Arian menatap kotak itu sejenak, lalu mengangguk pelan. Tangannya menyentuh tutup kotak, tapi tidak membukanya.
“Kamu nggak perlu kembaliin sekarang,” katanya datar, meski ada bayangan sesuatu di matanya yang tak bisa disembunyikan.
Nazharina tersenyum singkat. “Kalau terlalu lama, nanti aku keterusan.”
Arian menoleh cepat ke arahnya, seolah tidak menyangka ucapan itu keluar dari mulut Nazharina. Mereka bertatapan—dan untuk beberapa detik, waktu seperti berhenti.
Lalu…
Tuk-tuk-tuk.
Pintu diketuk ringan, dan tanpa menunggu izin, Maxime masuk dengan gaya khasnya. Ia membawa tablet di satu tangan dan kopi di tangan lainnya.
“Wah, wah, wah…” katanya dengan nada berlebihan. “Kayaknya gue dateng salah waktu, deh.”
Nazharina langsung mundur setengah langkah, sementara Arian mendesah pelan.
Maxime melangkah ke dalam ruangan, menatap kotak kecil di meja. “Apaan tuh? Jam tangan? Duh, manis banget. Kirain ini pertemuan bisnis, ternyata pemberian properti cinta.”
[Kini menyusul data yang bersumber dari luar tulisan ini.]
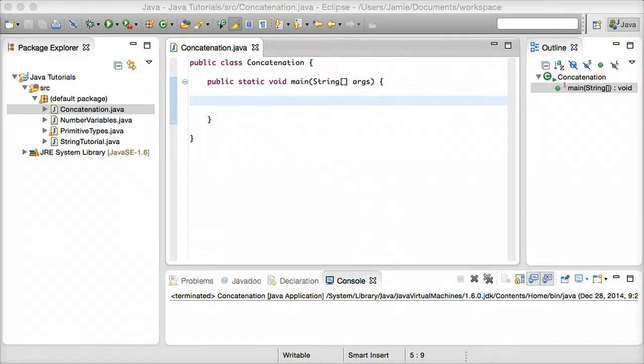Hey everyone, Jamie here from technicalcafe.com. Welcome to your fifth Java tutorial. In this tutorial we're going to be talking about concatenation, which is something that is found in many different programming languages.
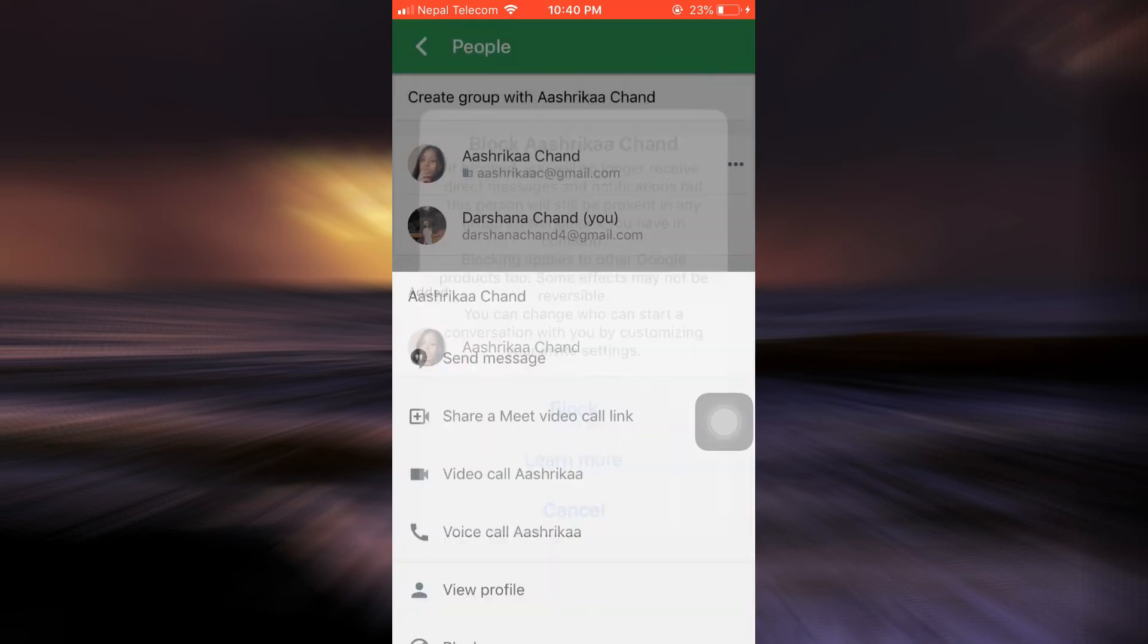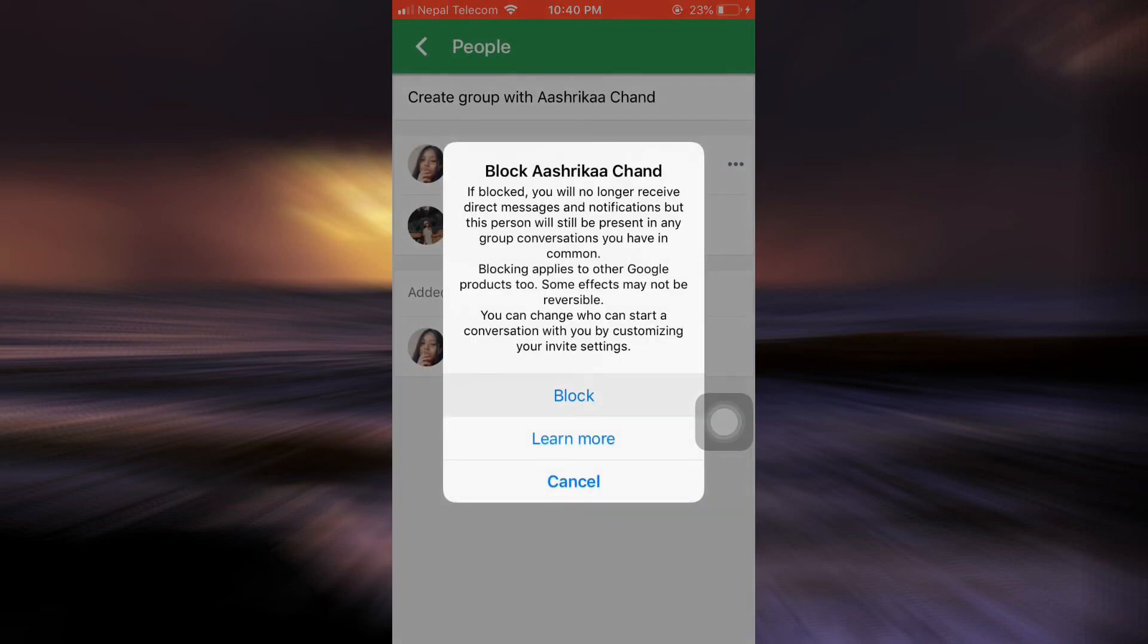Here it reminds you that if blocked, you will no longer receive direct messages and notifications, but this person will still be present in any group conversations that you have in common. So tap on Block.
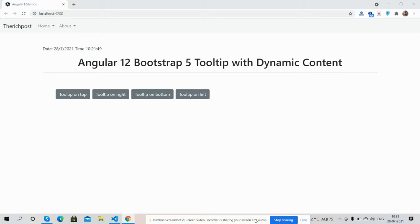So guys, here we go. First on my screen you can see Angular 12 and also Bootstrap 5 layout. Also you can see 4 buttons on my screen.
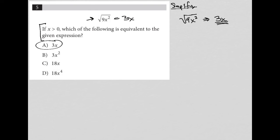And that typically is what happens on simplified questions, especially the simpler ones. The questions that show up earlier on in the test — if you simplify the expression or equation provided, usually you will have your answer right there.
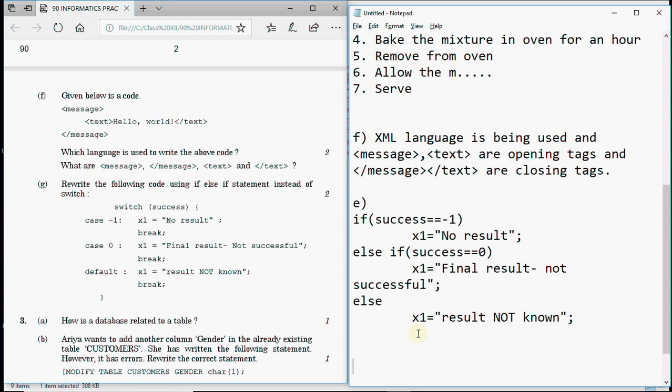So I hope you understood how to answer these questions. This was question number two from the 2017 outside Delhi question paper. In the coming video I'll be explaining question number four of the same paper.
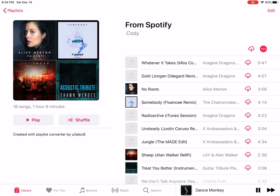Hello guys, this is Cody. In this video I'm gonna show you how to share Apple Music to Instagram. You can share to Instagram Stories or feed.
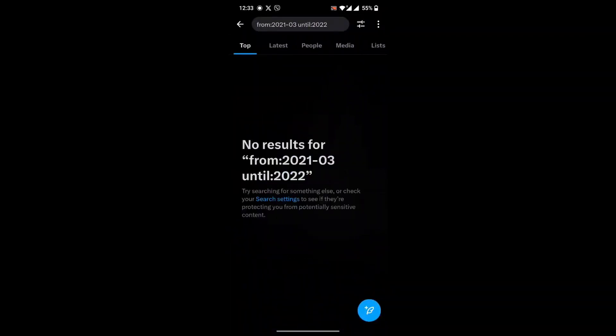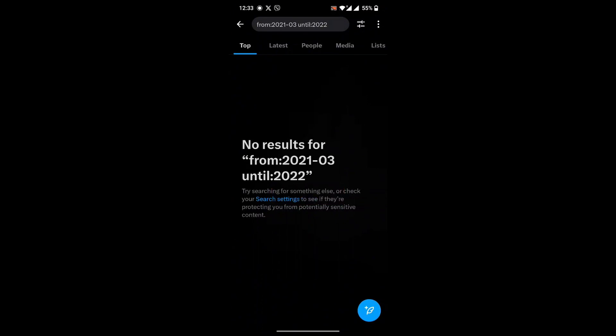In this way you can search by date in your Twitter. Thanks for watching the video, please follow for more content and do not forget to subscribe to the channel. Thank you.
Nazharina menatapnya, ingin protes, tapi Maxime sudah menyeringai seperti anak kecil yang baru menemukan mainan baru.
“Arian,” lanjutnya, “lo sadar nggak, ekspresi lo barusan kayak orang yang abis ditinggal kawin.”
Arian mendelik tajam. “Max.”
“Serius,” Maxime tetap santai, meletakkan tablet ke meja. “Dan kamu, Mbak Nazh, mukamu kayak abis ditangkep pas lagi nyolong permen di toko.”
Nazharina menegakkan bahu. “Aku cuma balikin barang.”
“Iya deh, iya.” Maxime menyesap kopinya. “Karena balikin jam tangan emang sangat emosional, ya. Sampai bisa bikin suasana di ruangan ini jadi kayak... adegan slow-motion di drama Korea.”
Arian menggosok pelipisnya, sementara Nazharina memalingkan wajah, mencoba menahan senyum.
Maxime melirik keduanya bergantian. “Gue penasaran. Apa jamnya jadi lebih cepet muternya pas kalian saling tatap?”
“Max,” Arian memperingatkan.
“Gue cuma bilang fakta,” Maxime mengangkat tangan dengan ekspresi polos. “Dan by the way, kenapa kalian nggak sekalian tukeran barang saja? Kamu ngasih jam, dia ngasih hatinya. Win-win.”
Nazharina akhirnya tertawa kecil, meski berusaha menutupinya dengan tangan. Arian hanya bisa memutar mata.
“Keluar nggak lo,” kata Arian akhirnya. “Sebelum lo bener-bener gue pecat.”
“Santai dong, Bos. Nggak disuruh juga gue bakalan keluar kok. Tapi sebelum itu…” Maxime mendekat dan berbisik ke arah Arian, cukup keras untuk Nazharina dengar, “lo tahu, kalau lo ngeliat dia lima detik lebih lama tadi, gue langsung pesenin cincin via ekspres.”
“KELUAR!”
Maxime terkekeh dan melangkah pergi, tapi sebelum menutup pintu, ia sempat melirik ke belakang dan berkata, “Dan jangan lupa, lo bedua ada meeting siang ini. Coba tahan diri, jangan sampai chemistry overload di ruang rapat.”